Pub. L. 105–115, title I, § 125(d), Nov. 21, 1997, 111 Stat. 2326, provided that:

“(1) In general.—
An application that was approved by the Secretary of Health and Human Services before the date of the enactment of this Act [Nov. 21, 1997] for the marketing of an antibiotic drug under section 507 of the Federal Food, Drug, and Cosmetic Act (21 U.S.C. 357), as in effect on the day before the date of the enactment of this Act, shall, on and after such date of enactment, be considered to be an application that was submitted and filed under section 505(b) of such Act (21 U.S.C. 355(b)) and approved for safety and effectiveness under section 505(c) of such Act (21 U.S.C. 355(c)), except that if such application for marketing was in the form of an abbreviated application, the application shall be considered to have been filed and approved under section 505(j) of such Act (21 U.S.C. 355(j)).
“(2) Exception.—The following subsections of section 505 (21 U.S.C. 355) shall not apply to any application for marketing in which the drug that is the subject of the application contains an antibiotic drug and the antibiotic drug was the subject of any application for marketing received by the Secretary of Health and Human Services under section 507 of such Act (21 U.S.C. 357) before the date of the enactment of this Act [Nov. 21, 1997]:
“(A)
(i)
Subsections (c)(2), (d)(6), (e)(4), (j)(2)(A)(vii), (j)(2)(A)(viii), (j)(2)(B), (j)(4)(B), and (j)(4)(D); and
“(ii)
The third and fourth sentences of subsection (b)(1) (regarding the filing and publication of patent information); and
“(B)
Subsections (b)(2)(A), (b)(2)(B), (b)(3), and (c)(3) if the investigations relied upon by the applicant for approval of the application were not conducted by or for the applicant and for which the applicant has not obtained a right of reference or use from the person by or for whom the investigations were conducted.
“(3) Publication.—
For purposes of this section, the Secretary is authorized to make available to the public the established name of each antibiotic drug that was the subject of any application for marketing received by the Secretary for Health and Human Services under section 507 of the Federal Food, Drug, and Cosmetic Act (21 U.S.C. 357) before the date of enactment of this Act [Nov. 21, 1997].”
Termination of Advisory Panels

Advisory panels established after Jan. 5, 1973, to terminate not later than the expiration of the 2-year period beginning on the date of their establishment, unless, in the case of a panel established by the President or an officer of the Federal Government, such panel is renewed by appropriate action prior to the expiration of such 2-year period, or in the case of a panel established by Congress, its duration is otherwise provided for by law. See sections 3(2) and 14 of Pub.

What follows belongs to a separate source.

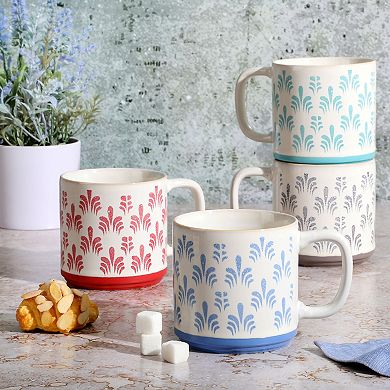 Gibson Home Morning Mist 4 Piece 18 Ounce Stoneware Mug Set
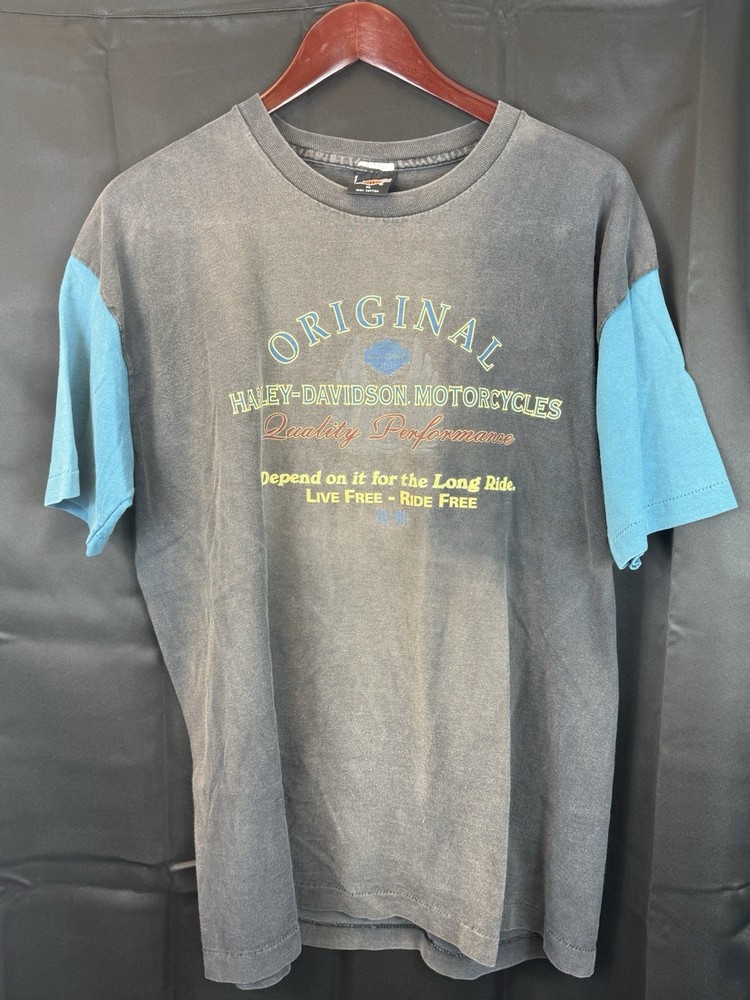 Vintage 80s Harley Davidson Blue Sleeve Cancun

L. 92–463, Oct. 6, 1972, 86 Stat. 770, 776, set out in the Appendix to Title 5, Government Organization and Employees.

Appeals Taken Prior to October 10, 1962

Pub. L. 87–781, title I, § 104(d)(3), Oct. 10, 1962, 76 Stat. 785, made amendments to subsec. (h) of this section inapplicable to any appeal taken prior to Oct. 10, 1962.

Executive Documents
Transfer of Functions

For transfer of functions of Federal Security Administrator to Secretary of Health, Education, and Welfare [now Health and Human Services], and of Food and Drug Administration in the Department of Agriculture to Federal Security Agency, see notes set out under section 321 of this title.